3. The Israelites then had to cross the Red Sea. They had to take action. They collected their belongings and moved! They also had to trust that the path through the sea would not collapse and drown them as they traveled on it. What actions do you need to take to reach your goals? What things are you worried about “collapsing” or “drowning” you as you pursue a better life? Can you trust God to help you through? Even though it was difficult in the desert, the Israelites were sustained, and while their complaining and lack of faith prevented them from entering the land, their children made it into the land. Even if we do not perform perfectly, our attempts set up our children for a brighter future as well!
4. Not going back to your old ways. God gave the Israelites new laws. In the process of receiving a new way to live, the Israelites decided to go back to some of their old ways and worship the golden calves. Going back to former habits often results in losing progress and may put you back where you started. What habits can you absolutely not return to if you wish to stay on a successful path? Make a list and refer back to it when you are tempted to go back to your old, comfortable, ways. Some habits do not look so bad from your perspective, but a person who is further along the path you wish to take may tell you not to do such and such a thing. Listen to them. Sometimes we do not see that we are sabotaging our own goals because we have not gotten to a place where we completely understand what it takes to succeed.

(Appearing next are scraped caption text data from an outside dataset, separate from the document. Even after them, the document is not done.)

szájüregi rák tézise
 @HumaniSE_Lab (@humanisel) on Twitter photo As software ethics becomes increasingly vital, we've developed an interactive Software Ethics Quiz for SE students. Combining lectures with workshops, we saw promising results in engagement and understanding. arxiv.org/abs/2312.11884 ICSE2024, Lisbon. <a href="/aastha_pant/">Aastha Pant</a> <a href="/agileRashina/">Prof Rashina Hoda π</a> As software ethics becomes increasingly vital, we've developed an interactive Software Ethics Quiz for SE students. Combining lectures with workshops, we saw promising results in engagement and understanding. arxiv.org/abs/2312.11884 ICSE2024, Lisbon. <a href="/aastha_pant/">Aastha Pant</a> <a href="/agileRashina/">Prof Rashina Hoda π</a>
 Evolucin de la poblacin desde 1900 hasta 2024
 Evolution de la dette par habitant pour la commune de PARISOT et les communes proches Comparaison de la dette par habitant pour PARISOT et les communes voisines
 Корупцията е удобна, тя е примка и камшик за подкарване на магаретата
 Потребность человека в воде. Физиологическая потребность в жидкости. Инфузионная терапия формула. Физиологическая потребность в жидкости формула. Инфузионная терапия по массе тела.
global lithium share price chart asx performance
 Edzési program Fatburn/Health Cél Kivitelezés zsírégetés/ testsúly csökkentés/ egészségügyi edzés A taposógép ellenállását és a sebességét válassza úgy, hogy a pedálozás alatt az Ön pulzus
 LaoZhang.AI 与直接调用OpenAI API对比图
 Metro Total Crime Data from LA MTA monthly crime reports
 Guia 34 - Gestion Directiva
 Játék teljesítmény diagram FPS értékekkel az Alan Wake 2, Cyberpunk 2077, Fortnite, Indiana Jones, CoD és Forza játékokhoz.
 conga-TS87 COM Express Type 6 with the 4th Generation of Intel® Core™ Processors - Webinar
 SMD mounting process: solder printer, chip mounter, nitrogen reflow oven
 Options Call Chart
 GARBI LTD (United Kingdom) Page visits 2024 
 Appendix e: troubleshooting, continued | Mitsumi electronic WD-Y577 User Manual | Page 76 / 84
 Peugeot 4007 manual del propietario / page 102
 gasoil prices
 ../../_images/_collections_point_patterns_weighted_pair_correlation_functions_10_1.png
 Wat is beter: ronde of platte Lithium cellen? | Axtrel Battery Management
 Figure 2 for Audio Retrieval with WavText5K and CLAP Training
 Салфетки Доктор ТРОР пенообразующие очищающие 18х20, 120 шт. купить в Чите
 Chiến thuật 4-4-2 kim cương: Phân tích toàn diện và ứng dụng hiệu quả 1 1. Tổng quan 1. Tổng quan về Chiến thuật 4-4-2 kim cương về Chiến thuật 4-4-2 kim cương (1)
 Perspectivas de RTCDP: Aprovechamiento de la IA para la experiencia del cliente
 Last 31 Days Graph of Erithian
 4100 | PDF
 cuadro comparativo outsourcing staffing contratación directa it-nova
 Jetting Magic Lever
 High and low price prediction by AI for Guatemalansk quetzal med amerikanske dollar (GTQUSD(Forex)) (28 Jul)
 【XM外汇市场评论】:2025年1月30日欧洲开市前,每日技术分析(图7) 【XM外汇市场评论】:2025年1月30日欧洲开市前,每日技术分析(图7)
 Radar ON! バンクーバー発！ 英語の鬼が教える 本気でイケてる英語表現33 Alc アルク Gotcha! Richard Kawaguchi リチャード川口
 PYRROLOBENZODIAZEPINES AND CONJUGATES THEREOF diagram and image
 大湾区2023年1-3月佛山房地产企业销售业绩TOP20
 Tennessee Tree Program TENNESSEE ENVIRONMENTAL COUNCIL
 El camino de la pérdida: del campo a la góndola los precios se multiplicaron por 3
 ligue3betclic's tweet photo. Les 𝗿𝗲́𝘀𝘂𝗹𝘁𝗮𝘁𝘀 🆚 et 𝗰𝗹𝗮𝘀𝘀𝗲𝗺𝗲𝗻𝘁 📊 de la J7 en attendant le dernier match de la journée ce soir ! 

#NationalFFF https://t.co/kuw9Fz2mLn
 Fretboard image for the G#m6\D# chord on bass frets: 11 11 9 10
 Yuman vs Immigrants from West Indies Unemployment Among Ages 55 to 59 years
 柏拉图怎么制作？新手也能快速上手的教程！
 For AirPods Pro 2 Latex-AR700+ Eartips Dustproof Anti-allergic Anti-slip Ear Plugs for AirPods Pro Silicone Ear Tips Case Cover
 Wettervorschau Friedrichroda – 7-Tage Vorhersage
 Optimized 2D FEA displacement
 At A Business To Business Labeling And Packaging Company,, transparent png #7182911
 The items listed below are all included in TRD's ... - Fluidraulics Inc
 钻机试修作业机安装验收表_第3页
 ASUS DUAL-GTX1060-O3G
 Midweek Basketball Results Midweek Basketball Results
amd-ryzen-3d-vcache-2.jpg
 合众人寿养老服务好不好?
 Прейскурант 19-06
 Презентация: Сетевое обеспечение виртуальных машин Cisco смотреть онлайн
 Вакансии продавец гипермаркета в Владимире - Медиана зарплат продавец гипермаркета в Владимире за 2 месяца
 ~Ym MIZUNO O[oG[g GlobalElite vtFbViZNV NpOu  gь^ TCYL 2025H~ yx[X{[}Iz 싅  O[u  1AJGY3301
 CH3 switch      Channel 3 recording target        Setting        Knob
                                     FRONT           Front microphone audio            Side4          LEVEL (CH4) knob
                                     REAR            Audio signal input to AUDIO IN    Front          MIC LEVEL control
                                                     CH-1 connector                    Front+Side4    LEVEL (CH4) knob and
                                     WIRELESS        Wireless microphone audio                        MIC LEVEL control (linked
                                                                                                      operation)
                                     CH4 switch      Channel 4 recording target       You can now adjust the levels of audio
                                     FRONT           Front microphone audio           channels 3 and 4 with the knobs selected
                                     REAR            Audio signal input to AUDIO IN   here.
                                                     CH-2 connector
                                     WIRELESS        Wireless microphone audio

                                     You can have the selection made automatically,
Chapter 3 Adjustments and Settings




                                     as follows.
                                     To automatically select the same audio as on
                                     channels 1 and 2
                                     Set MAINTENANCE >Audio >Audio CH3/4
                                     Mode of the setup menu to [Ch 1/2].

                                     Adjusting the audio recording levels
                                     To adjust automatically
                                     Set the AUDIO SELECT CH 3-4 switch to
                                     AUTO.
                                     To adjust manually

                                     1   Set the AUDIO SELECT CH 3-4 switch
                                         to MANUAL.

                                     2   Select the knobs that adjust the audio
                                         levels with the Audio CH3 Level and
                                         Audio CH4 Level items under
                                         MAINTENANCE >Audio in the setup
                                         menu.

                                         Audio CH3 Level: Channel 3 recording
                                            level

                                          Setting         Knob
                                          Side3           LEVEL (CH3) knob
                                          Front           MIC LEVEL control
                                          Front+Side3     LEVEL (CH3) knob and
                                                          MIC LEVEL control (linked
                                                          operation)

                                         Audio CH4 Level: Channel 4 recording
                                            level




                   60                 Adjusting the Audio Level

5. The Israelites doubted and complained- a lot. The path to success requires hard work and sacrifice. Anyone who has made it big will tell you about the difficult time they had getting there. The rewards at the end of the journey are good, but you do have to put in some work, and it will not always be pleasant. Doubting you will succeed and/or complaining will only keep you in the “hard work” phase longer and make you miserable while you are there! With the right attitude, even the hardest work phase can be enjoyable as you feel a sense of accomplishment with each successive step. Break up your task into smaller goals so it is easier to see your progress and celebrate each victory you achieve! The Israelites won a lot of smaller wars before they entered the Promised Land. Figure out what “wars” you face and tackle them with wisdom!
Remember, the Promised Land you seek may not be financial. It may be a health goal, or a want for a more peaceful life. Ask for help from someone who has been there and done that if you are able. They often have wisdom that will help you avoid mistakes as well. You may have to give up things to move forward. This is not always bad, as the benefits will be worth it! Too often we stay in “slavery,” knowing that there is an aspect of our life that is not good, but unable to believe it could ever be better. Don’t let yourself remain enslaved when the Promised Land awaits!